## How to complete this task
Write out the listing below character for character, though without its pictures.

** Opening Supplied data block **

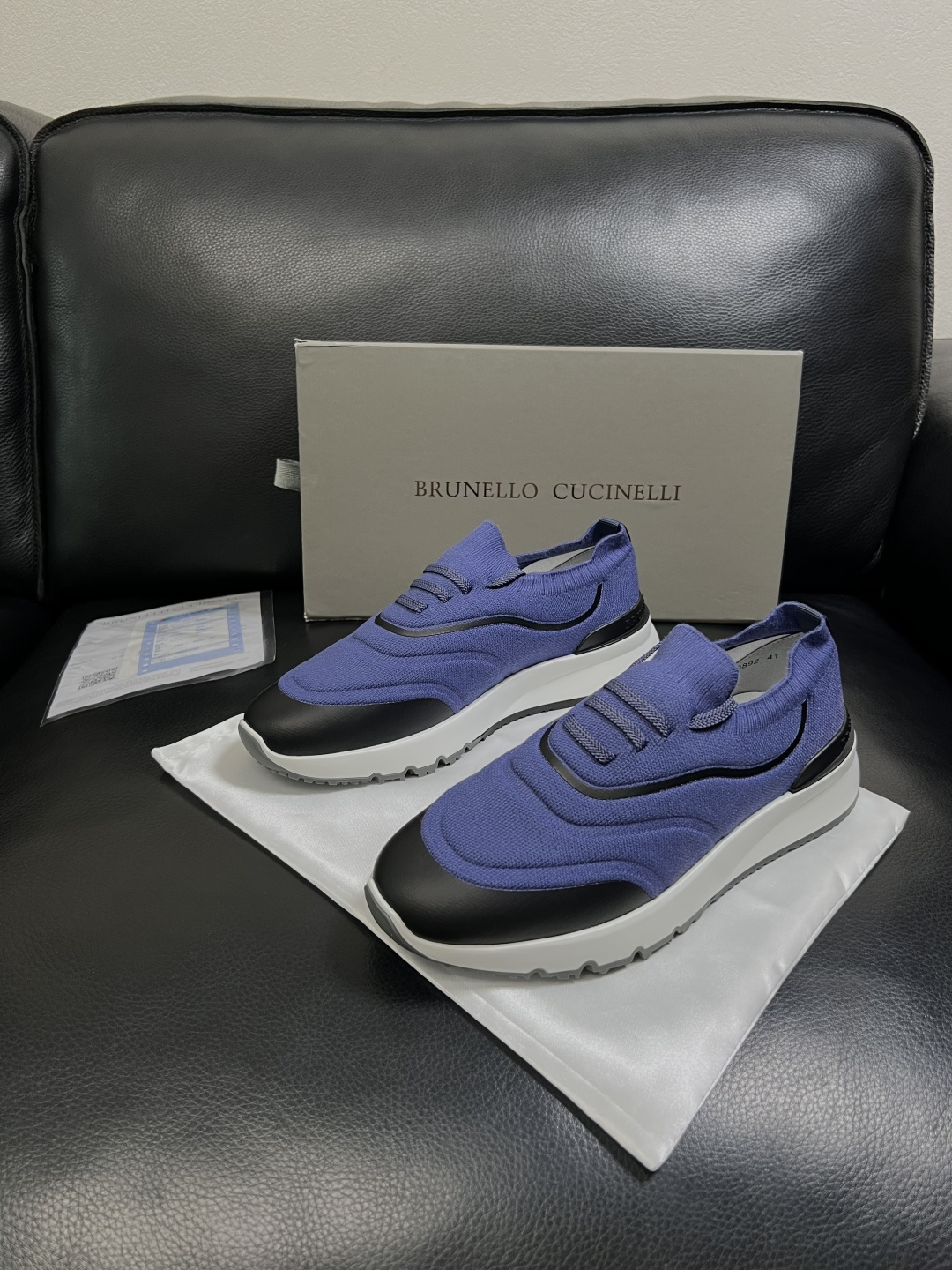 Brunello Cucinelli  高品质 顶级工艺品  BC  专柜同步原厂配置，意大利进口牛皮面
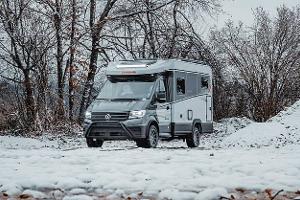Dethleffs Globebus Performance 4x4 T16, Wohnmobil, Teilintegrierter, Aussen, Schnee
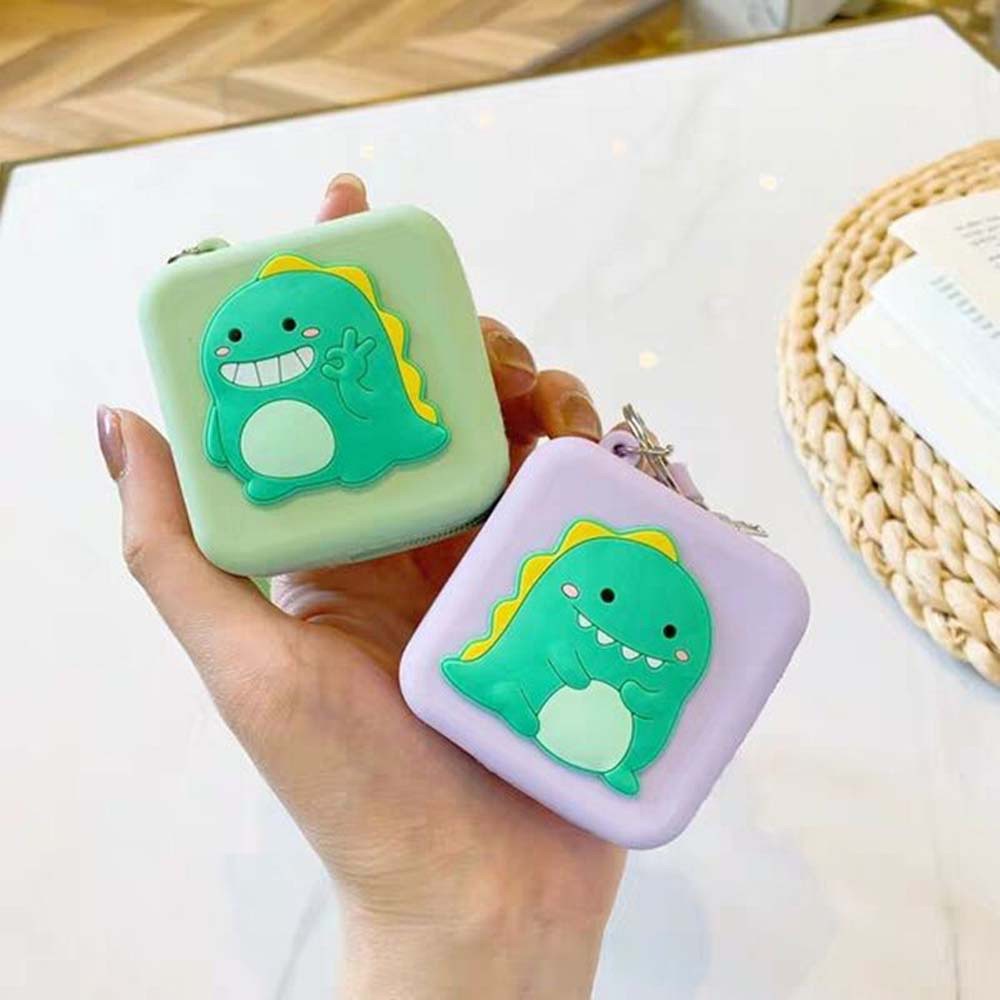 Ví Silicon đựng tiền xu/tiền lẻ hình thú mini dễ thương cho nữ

** Closing Supplied data block **

## The completed task
 Brunello Cucinelli  高品质 顶级工艺品  BC  专柜同步原厂配置，意大利进口牛皮面
Dethleffs Globebus Performance 4x4 T16, Wohnmobil, Teilintegrierter, Aussen, Schnee
 Ví Silicon đựng tiền xu/tiền lẻ hình thú mini dễ thương cho nữ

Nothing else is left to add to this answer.